For the rest of the world, there is a growing awareness that how a part is printed can have a significant impact on its performance in the real world. But coming across relevant public information is a challenge. Understanding this issue is critical for the wider utilization of 3D printing for industrial manufacturing.

Understanding the Issue

Thanks to decades of experience, manufacturers are well aware of the material properties used in part manufacturing, the tradeoffs of casting versus milling from solid stock, or benefits of one metal alloy versus another. Much study exists on how these material perform in different environments and applications, making it a relatively simple task for a manufacturer to select a material that meets their end requirements.

With metal 3D printing, the performance of a manufactured part depends not only on the print medium used, but also on a range of other factors:

  • Printing method, for example, powder bed versus laser deposition
  • Orientation of the part during printing
  • Configuration of the part itself
  • Post processing, for example, heat treatment

For example, studies carried out by the Alliance for the Development of Additive Processing Technologies (ADAPT), have shown that varying the part orientation within the build volume can vary key mechanical properties by 30% or more — a variance not expected when using traditional techniques.

Because of these issues, manufacturers need to take on the role of a material scientist in analyzing part performance based on these issues in addition to the role of engineer, needing to optimize both the topology and material of a part. Complicating this issue is that 3D printer manufacturers may not supply this type of information. Manufacturers are on their own in certifying a 3D manufacturing process for each application.
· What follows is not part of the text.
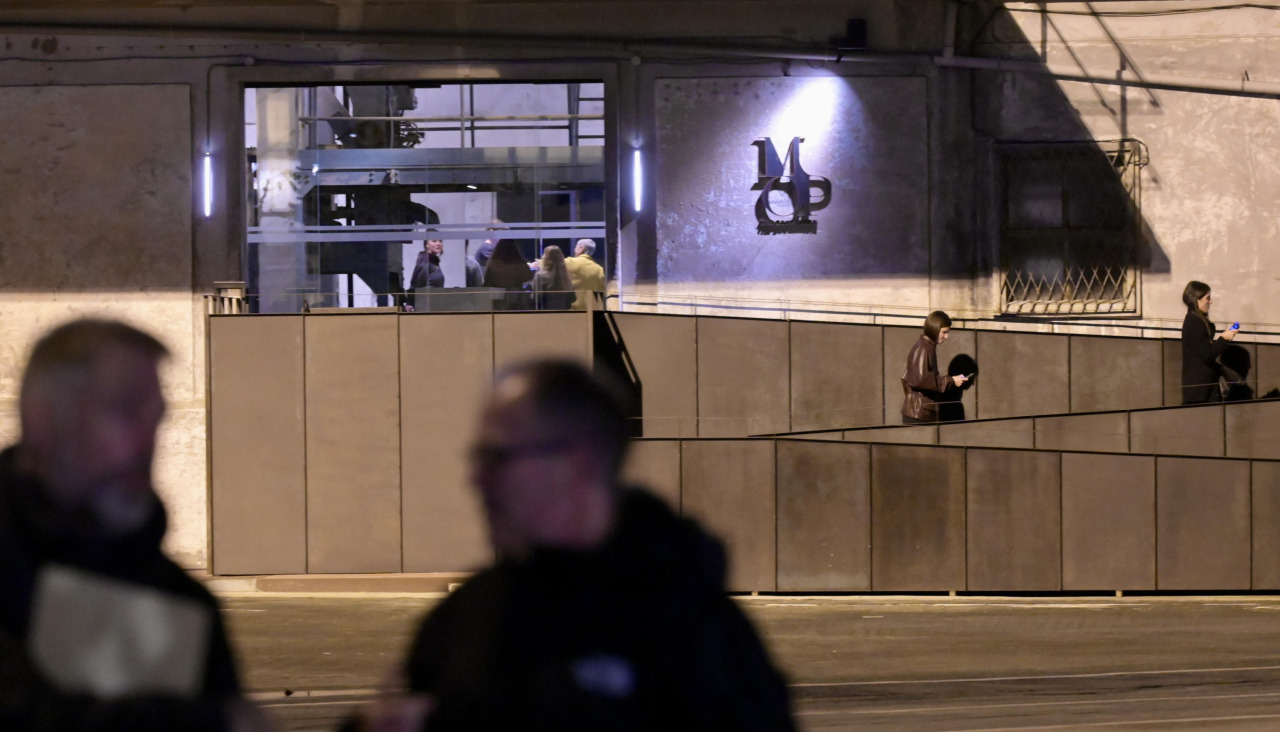 Acceso al interior de la librería de la Fundación MOP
Problems for Smaller Companies

Large companies have the financial resources and manpower to perform the testing needed to both qualify a manufacturing process and an individual part — resources that may be out of reach for smaller companies. Moreover, these same companies often rely on contract manufacturing to build parts; therefore, they do not have the right personnel to perform this work. While one solution is to not use 3D printing, there are an increasing number of parts that can only be constructed using 3D printing (complex manifolds being one example). So what is the solution for small companies needing to keep on the forefront of manufacturing technology, but lacking the necessary resources to ensure part performance?

Enter Consortiums

One solution is private/public partnerships composed of manufacturer and research facilities, chartered to collect and share data allowing members to benefit from collective knowledge. One such endeavor is the Alliance for the Development of Additive Processing Technologies (ADAPT). This membership-based organization is composed of Colorado manufactures in partnership with the Colorado School of Mines. Members gain access to two important features: the intelligent materials database and the advanced characterization center. This consortium gives its members access to pooled data and resources otherwise out of reach of individual companies. Learn more about Spatial Corp joining ADAPT.

For an example, ADAPT carries out extensive testing of printed parts to understand how the way a part is printed and processed can affect its mechanical properties. This dog-bone sample test bed is a good example.

ADAPT dogbone

Dog-Bone Testbed (Photo courtesy of ADAPT)

The collection of dog-bone shapes above is used to assess the effects of part orientation and location in the build volume on mechanical properties. The printed parts then undergo multiple analyses, include traditional mechanical testing, surface inspection, and advanced X-ray tomography. Together all these tests provide great insights to manufacturing variables not previously well understood. One example of the type of data that is made available to consortium members is shown in the graph below. This data showes that the average ultimate strength of the samples (after heat treatment, the red dots) varies by approximately 30% based on the angle of the part in the build volume.

heat treatment vs. strength

Orientation/Heat Treatment versus Strength (Graph courtesy of ADAPT)

In order for industrial additive manufacturing to become more widespread, additional data on the impact of materials and printing methods on part performance is desperately needed. Until this type of information is more widely available via 3D printer vendors and manufacturing software developers, consortiums such as ADAPT will be critical for industry growth.